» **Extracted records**
======
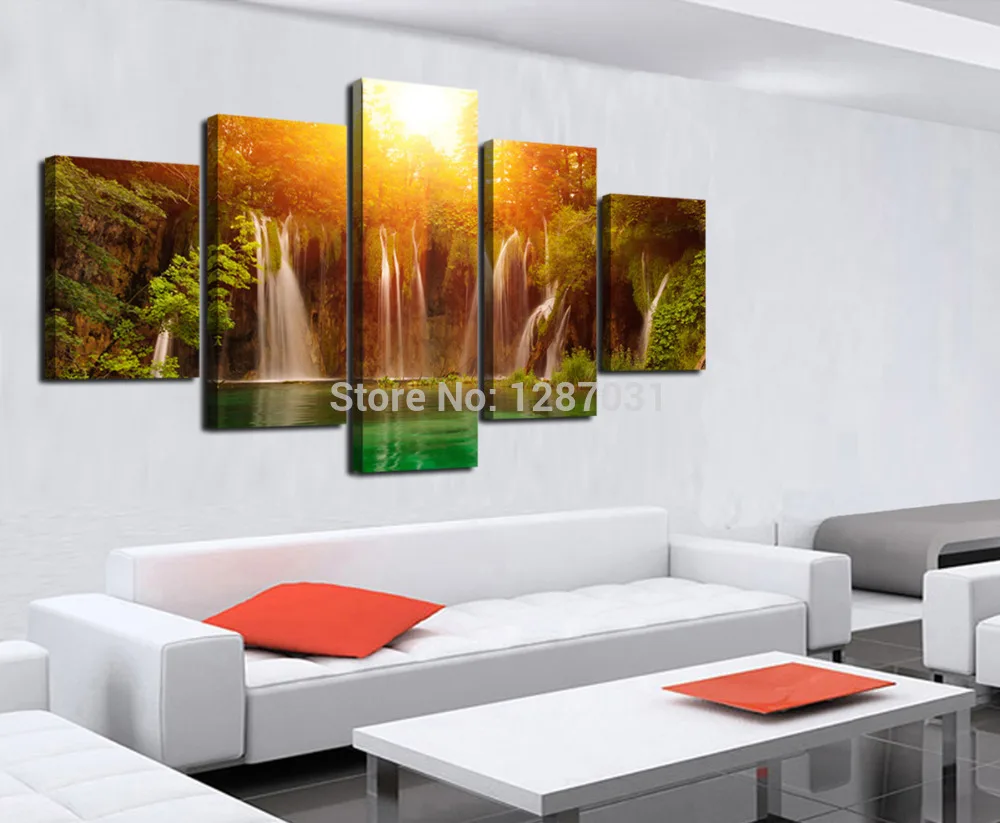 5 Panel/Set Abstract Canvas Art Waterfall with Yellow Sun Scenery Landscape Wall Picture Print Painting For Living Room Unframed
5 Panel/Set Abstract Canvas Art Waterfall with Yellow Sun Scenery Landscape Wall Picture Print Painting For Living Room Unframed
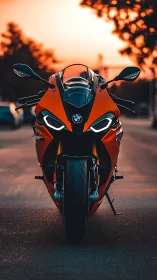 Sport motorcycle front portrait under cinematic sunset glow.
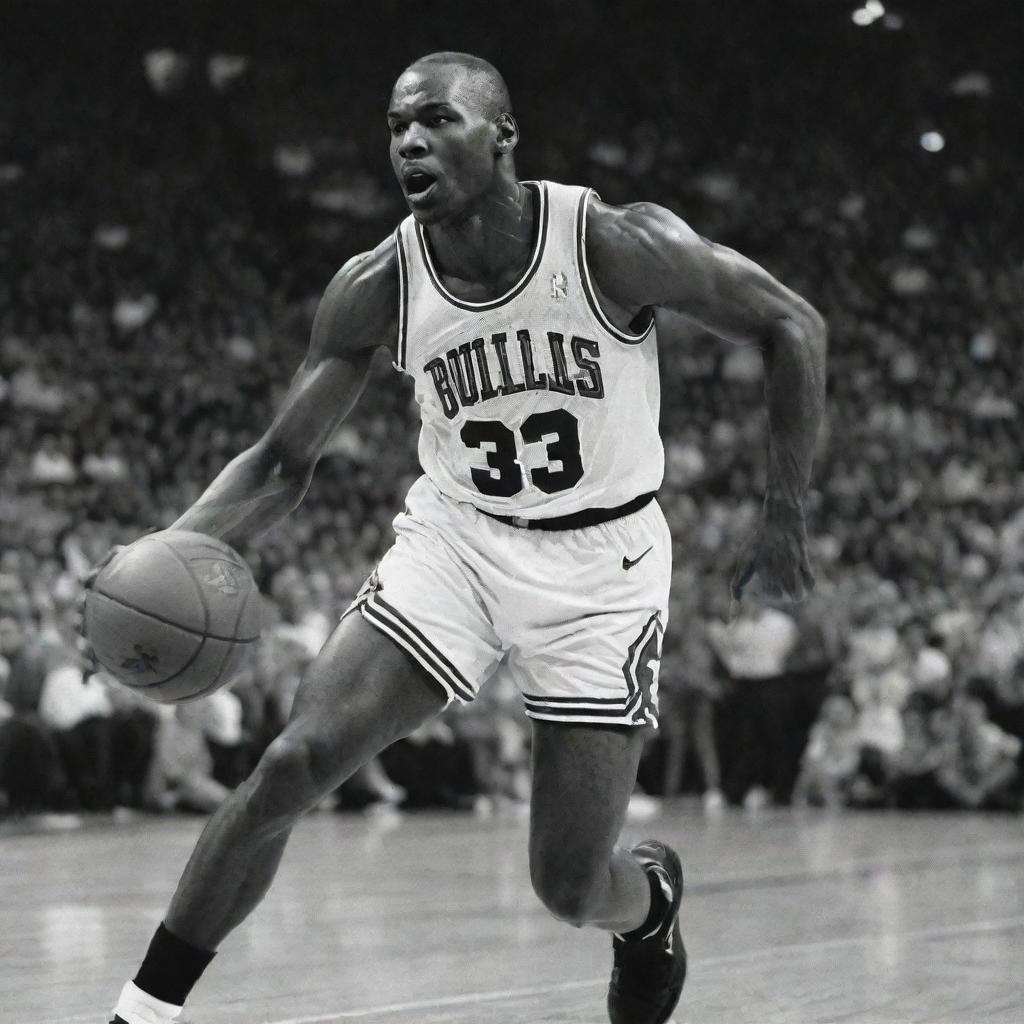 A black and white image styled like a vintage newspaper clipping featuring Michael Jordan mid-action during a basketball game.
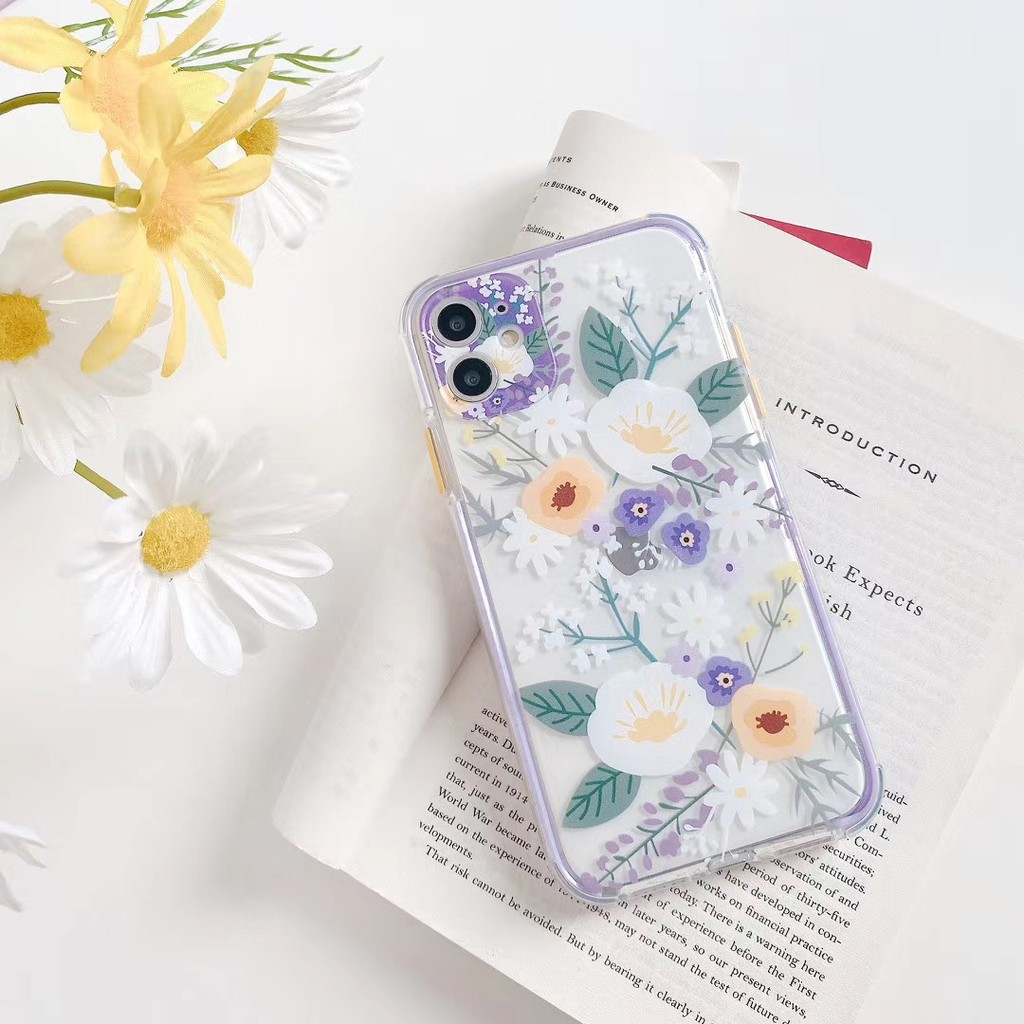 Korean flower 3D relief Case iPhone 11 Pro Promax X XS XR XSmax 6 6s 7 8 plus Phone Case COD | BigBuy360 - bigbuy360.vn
======
» **ASSIGNMENT**
All the lines above are to be reproduced exactly, except the pictures.

» **EXPECTED ANSWER**
 5 Panel/Set Abstract Canvas Art Waterfall with Yellow Sun Scenery Landscape Wall Picture Print Painting For Living Room Unframed
5 Panel/Set Abstract Canvas Art Waterfall with Yellow Sun Scenery Landscape Wall Picture Print Painting For Living Room Unframed
 Sport motorcycle front portrait under cinematic sunset glow.
 A black and white image styled like a vintage newspaper clipping featuring Michael Jordan mid-action during a basketball game.
 Korean flower 3D relief Case iPhone 11 Pro Promax X XS XR XSmax 6 6s 7 8 plus Phone Case COD | BigBuy360 - bigbuy360.vn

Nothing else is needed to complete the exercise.